Aşağıda belgenin tam metni yer almaktadır.

* “Güneş ışığı dezenfektanların en iyisidir” (Sunlight is the best disinfectant) sözü Yüksek Mahkeme Yargıcı Louis Brandeis’in 22 Haziran 2007 tarihinde hükümetin şeffaflığının güneş ışığının mikrop öldürücü özelliklerine benzer şekilde yolsuzluğun kökünü kazıyacağını ifade etmek için kullandığı ve şeffaflığın önemine vurgu yaptığı sözüdür.

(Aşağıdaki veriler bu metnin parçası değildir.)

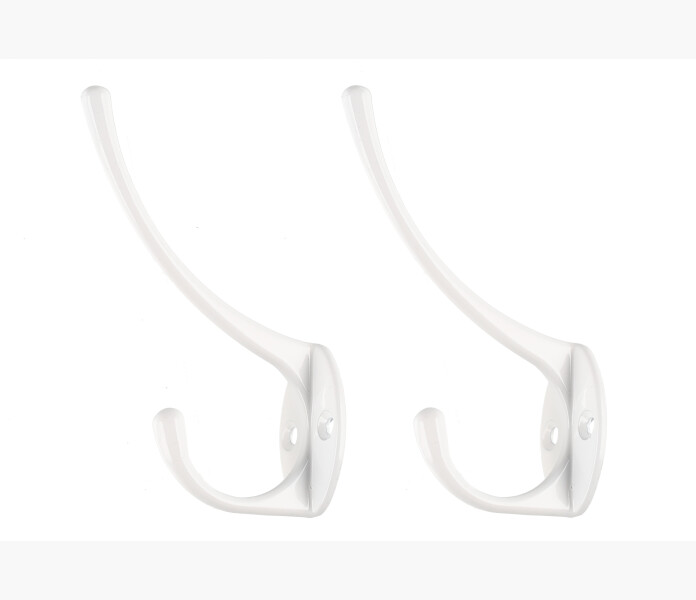 4Living Wall hook white 2pcs kuva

Ken Klippenstein, Gazeteci

20 Mayıs, 2025

Halintar, gök gürültüsü veya şimşek gibi bir anlamı olan bir kelimedir. Bir olayın ardından insanlar onu anlamlandırmak için bir metin ararlar, işte bu da bir deneme. İsraillilerin Filistin’e karşı işlediği zulümler tarif edilemez ve ölçülemez. Çoğunlukla açıklamaları okumak yerine, olayları videolardan bazen canlı olarak izliyoruz. Ölü sayısının hızla arttığı birkaç ayın ardından İsrail, soykırımına iyi hizmet eden ölüleri sayma kapasitesini bile yok etmişti. Bu yazının yazıldığı sırada Gazze Sağlık Bakanlığı, travmatik güç kullanımı sonucu 53.000 kişinin öldüğünü, en az on bin kişinin enkaz altında olduğunu ve önlenebilir hastalıklar ve açlıktan kaç bin kişinin daha öldüğünü, on binlerce kişinin ise İsrail ablukası nedeniyle açlık tehlikesiyle karşı karşıya olduğunu kaydetmiştir. Tüm bunlar Batı ve Arap hükümetlerinin suç ortaklığıyla mümkün olmuştur. Gazze Enformasyon Ofisi, enkaz altında kalan on bin kişiyi de kendi sayımına dahil etmiştir. Haberlerde, aylarca enkaz altında kalan “on bin” kişiye yer veriliyor, ancak enkazlar sürekli olarak daha da büyütüyor, enkazlar defalarca bombalanıyor ve enkazların arasındaki çadırlar bombalanıyor. Yemen’de Suudi Arabistan, İngiltere ve ABD’nin bombardımanı altında yıllarca birkaç bin olarak sabit kalan ölü sayısı, geç de olsa 500 bin olarak açıklanmıştı. Tüm bu rakamlar neredeyse kesin olarak suç teşkil eden eksik sayımlardır. Ölü sayısının 100.000 veya daha fazla olduğu tahminlerine inanmakta hiçbir zorluk çekmiyorum. Bu yılın mart ayından bu yana, “Koruyucu Hat Harekâtı”[1] ve “Dökme Kurşun Harekâtı”nda [2] ölenlerin toplamından daha fazla insan öldürüldü. Bu noktada, parçalanmış, yanmış ve patlamış insanlardan kaçının çocuk olduğu hakkında daha ne söylenebilir? Bunun olmasına izin veren bizler, Filistinlilerin affını asla hak edemeyeceğiz. Onlar da bunu bize açıkça belirttiler.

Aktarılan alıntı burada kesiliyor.